### RECORDS PROVIDED

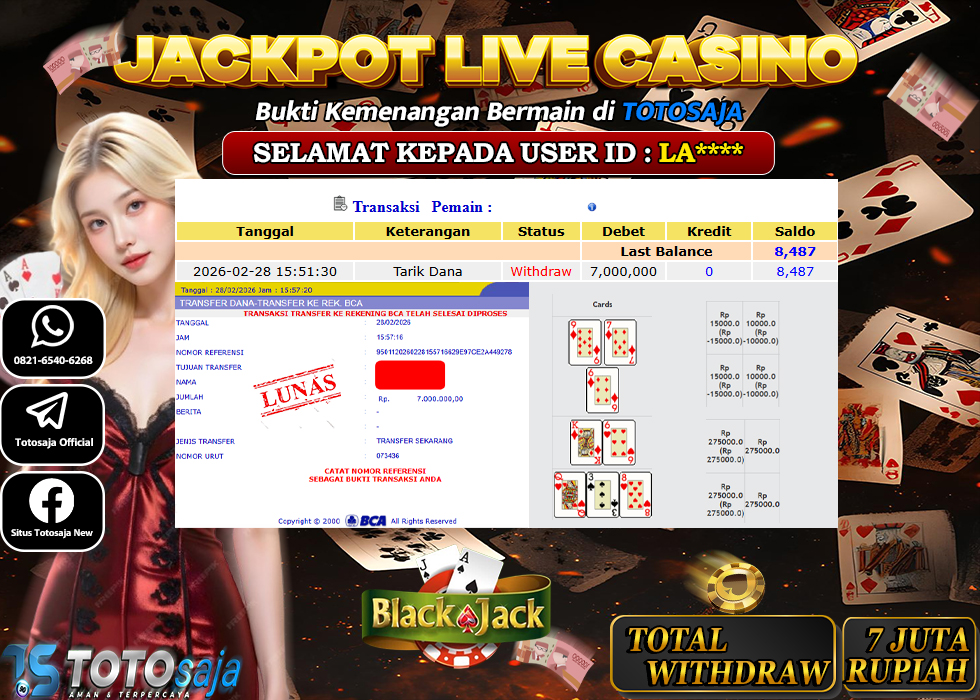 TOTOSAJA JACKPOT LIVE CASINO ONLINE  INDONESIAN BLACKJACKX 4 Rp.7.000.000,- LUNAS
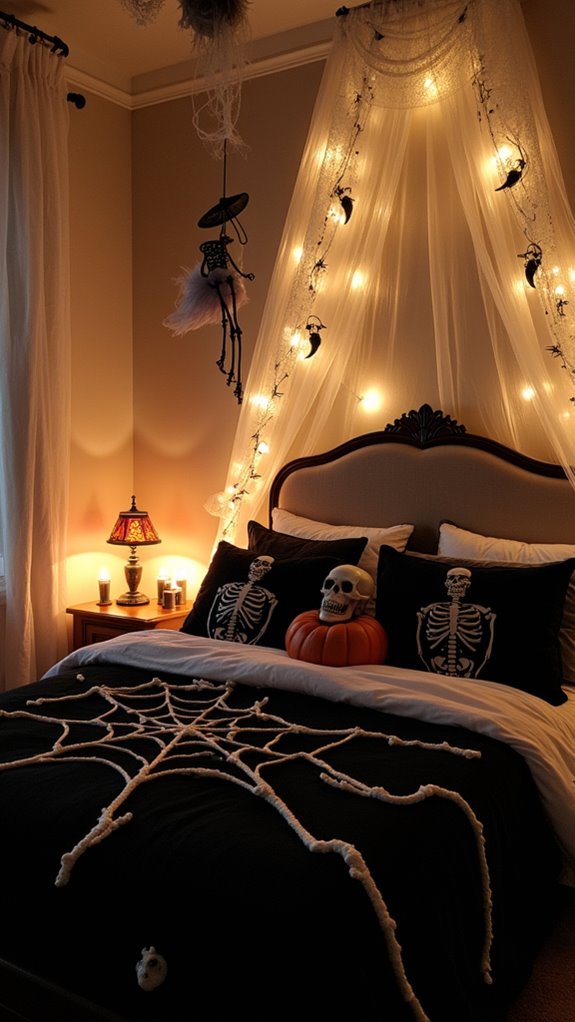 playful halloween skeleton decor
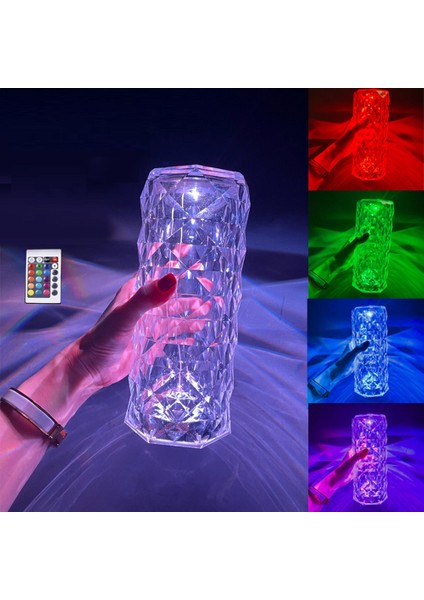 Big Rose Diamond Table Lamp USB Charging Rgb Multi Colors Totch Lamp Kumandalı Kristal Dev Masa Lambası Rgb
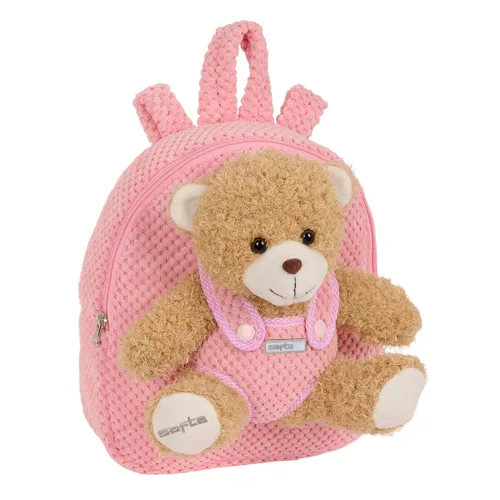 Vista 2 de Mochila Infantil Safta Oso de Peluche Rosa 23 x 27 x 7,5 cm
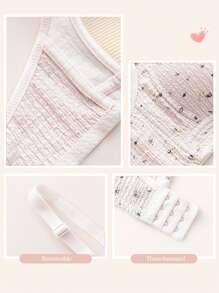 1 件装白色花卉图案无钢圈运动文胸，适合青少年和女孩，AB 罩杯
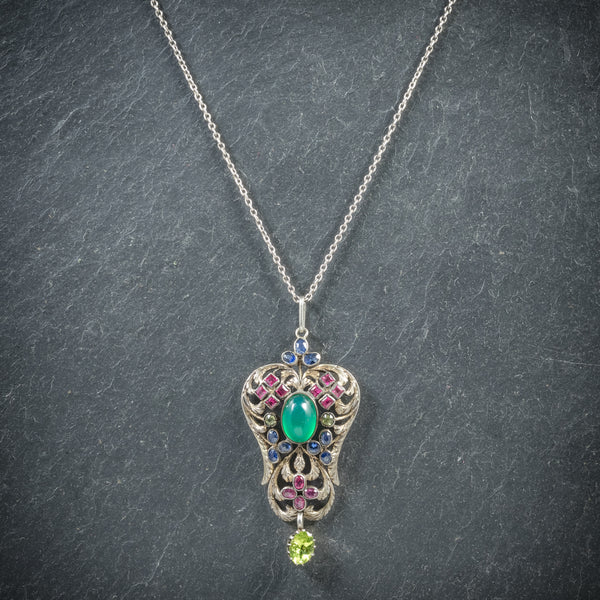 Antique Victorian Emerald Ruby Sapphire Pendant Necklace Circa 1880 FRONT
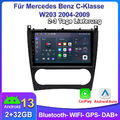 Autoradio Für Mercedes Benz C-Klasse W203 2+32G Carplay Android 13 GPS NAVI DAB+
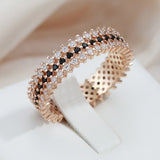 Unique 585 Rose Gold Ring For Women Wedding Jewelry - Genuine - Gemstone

######

__THE TASK__. Output every record above exactly, leaving out the pictures.

__EXPECTED ANSWER__.
 TOTOSAJA JACKPOT LIVE CASINO ONLINE  INDONESIAN BLACKJACKX 4 Rp.7.000.000,- LUNAS
 playful halloween skeleton decor
 Big Rose Diamond Table Lamp USB Charging Rgb Multi Colors Totch Lamp Kumandalı Kristal Dev Masa Lambası Rgb
 Vista 2 de Mochila Infantil Safta Oso de Peluche Rosa 23 x 27 x 7,5 cm
 1 件装白色花卉图案无钢圈运动文胸，适合青少年和女孩，AB 罩杯
 Antique Victorian Emerald Ruby Sapphire Pendant Necklace Circa 1880 FRONT
 Autoradio Für Mercedes Benz C-Klasse W203 2+32G Carplay Android 13 GPS NAVI DAB+
 Unique 585 Rose Gold Ring For Women Wedding Jewelry - Genuine - Gemstone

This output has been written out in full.